## Activity
Repeat the records below word for word.

(Short descriptive text snippets)
* * *

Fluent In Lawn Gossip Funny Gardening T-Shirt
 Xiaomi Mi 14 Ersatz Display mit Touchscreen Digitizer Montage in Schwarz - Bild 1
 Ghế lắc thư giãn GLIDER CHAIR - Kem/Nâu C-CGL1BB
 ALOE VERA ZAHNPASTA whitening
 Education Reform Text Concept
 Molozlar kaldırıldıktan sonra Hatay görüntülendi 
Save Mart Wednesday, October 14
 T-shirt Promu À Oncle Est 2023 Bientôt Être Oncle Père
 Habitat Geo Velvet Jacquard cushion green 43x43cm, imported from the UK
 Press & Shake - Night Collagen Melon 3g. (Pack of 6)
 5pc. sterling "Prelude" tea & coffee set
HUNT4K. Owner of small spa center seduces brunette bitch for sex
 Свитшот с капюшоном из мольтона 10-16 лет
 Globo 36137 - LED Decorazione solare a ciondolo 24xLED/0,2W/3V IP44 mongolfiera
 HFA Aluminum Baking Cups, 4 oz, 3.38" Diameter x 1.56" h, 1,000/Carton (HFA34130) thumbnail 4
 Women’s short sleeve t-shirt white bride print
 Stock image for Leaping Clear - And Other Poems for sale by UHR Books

* * *

## The answer
Fluent In Lawn Gossip Funny Gardening T-Shirt
 Xiaomi Mi 14 Ersatz Display mit Touchscreen Digitizer Montage in Schwarz - Bild 1
 Ghế lắc thư giãn GLIDER CHAIR - Kem/Nâu C-CGL1BB
 ALOE VERA ZAHNPASTA whitening
 Education Reform Text Concept
 Molozlar kaldırıldıktan sonra Hatay görüntülendi 
Save Mart Wednesday, October 14
 T-shirt Promu À Oncle Est 2023 Bientôt Être Oncle Père
 Habitat Geo Velvet Jacquard cushion green 43x43cm, imported from the UK
 Press & Shake - Night Collagen Melon 3g. (Pack of 6)
 5pc. sterling "Prelude" tea & coffee set
HUNT4K. Owner of small spa center seduces brunette bitch for sex
 Свитшот с капюшоном из мольтона 10-16 лет
 Globo 36137 - LED Decorazione solare a ciondolo 24xLED/0,2W/3V IP44 mongolfiera
 HFA Aluminum Baking Cups, 4 oz, 3.38" Diameter x 1.56" h, 1,000/Carton (HFA34130) thumbnail 4
 Women’s short sleeve t-shirt white bride print
 Stock image for Leaping Clear - And Other Poems for sale by UHR Books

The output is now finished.